## Your assignment
Your copy of the data should leave out the images and match everything else exactly.

## Raw data
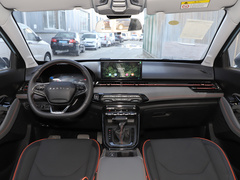 2020款 1.5L CVT智能豪华型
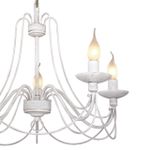 Подвесная люстра Chateau 2164-5P, 5*E14*40W. ТМ F-Promo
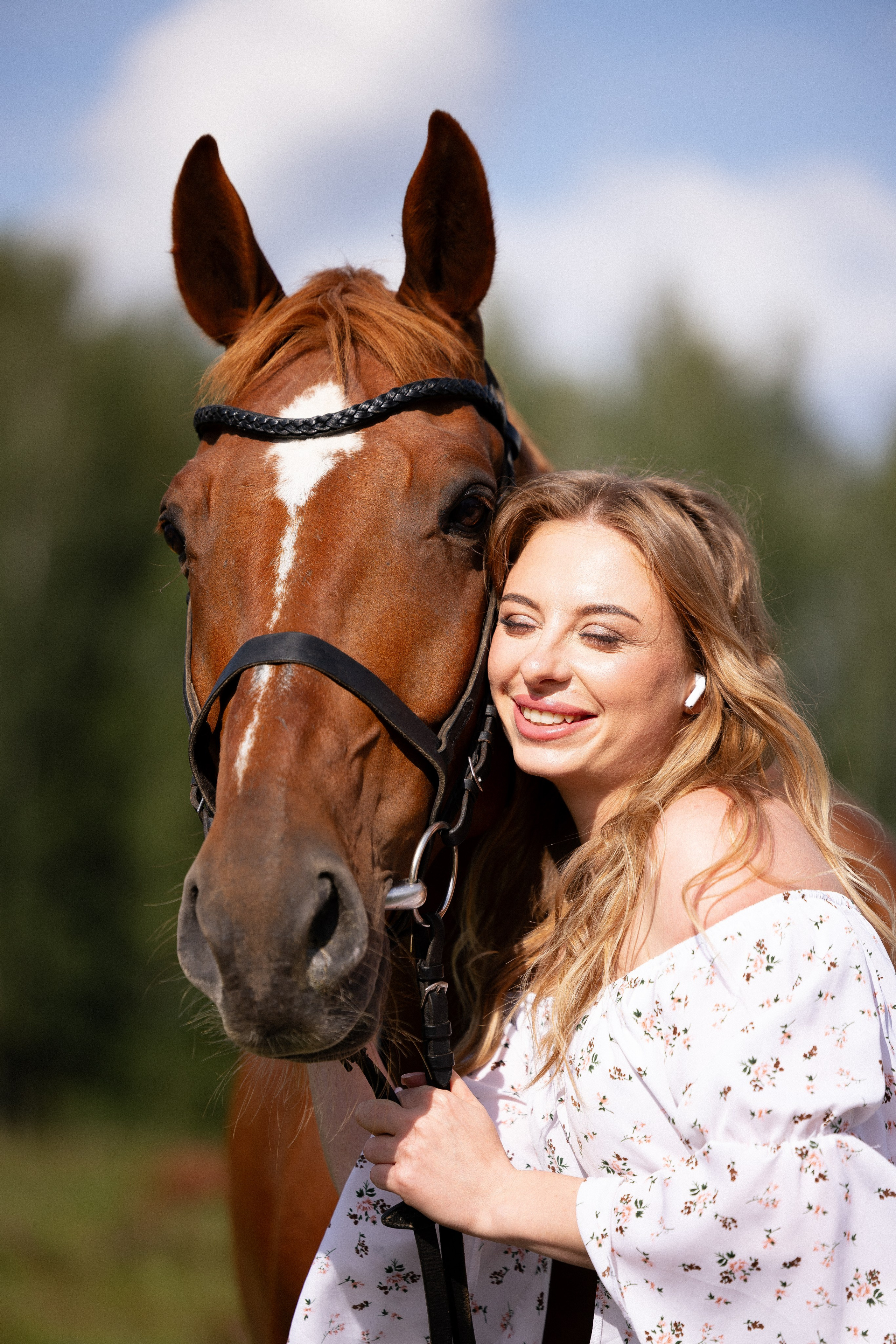 Мария и Реванш. Фотограф и видеограф анималист Аганина Дарья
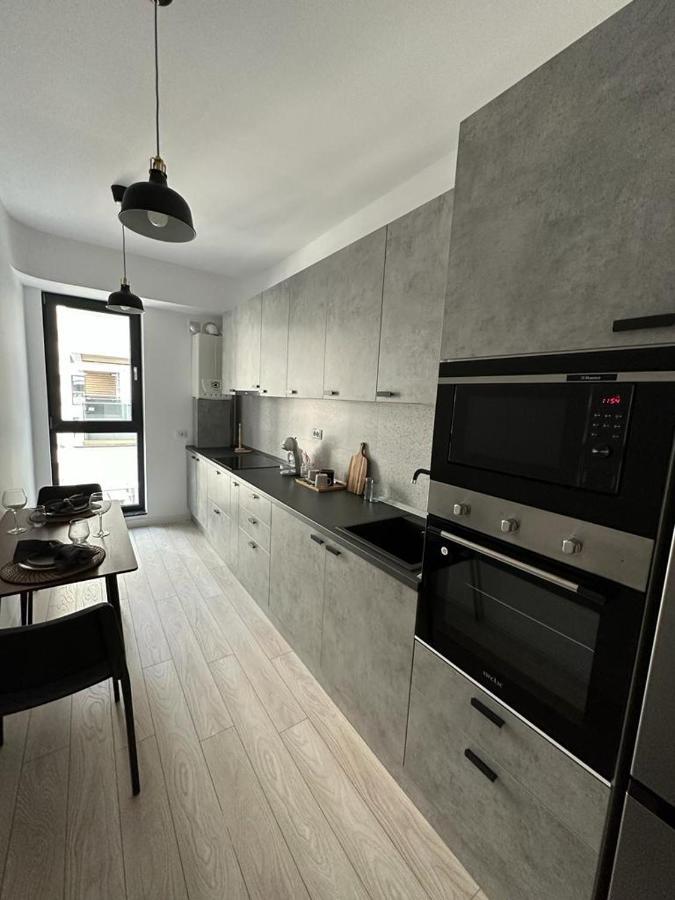 Urban Flats Apartment บูคาเรสต์ ภายนอก รูปภาพ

## Output
 2020款 1.5L CVT智能豪华型
 Подвесная люстра Chateau 2164-5P, 5*E14*40W. ТМ F-Promo
 Мария и Реванш. Фотограф и видеограф анималист Аганина Дарья
 Urban Flats Apartment บูคาเรสต์ ภายนอก รูปภาพ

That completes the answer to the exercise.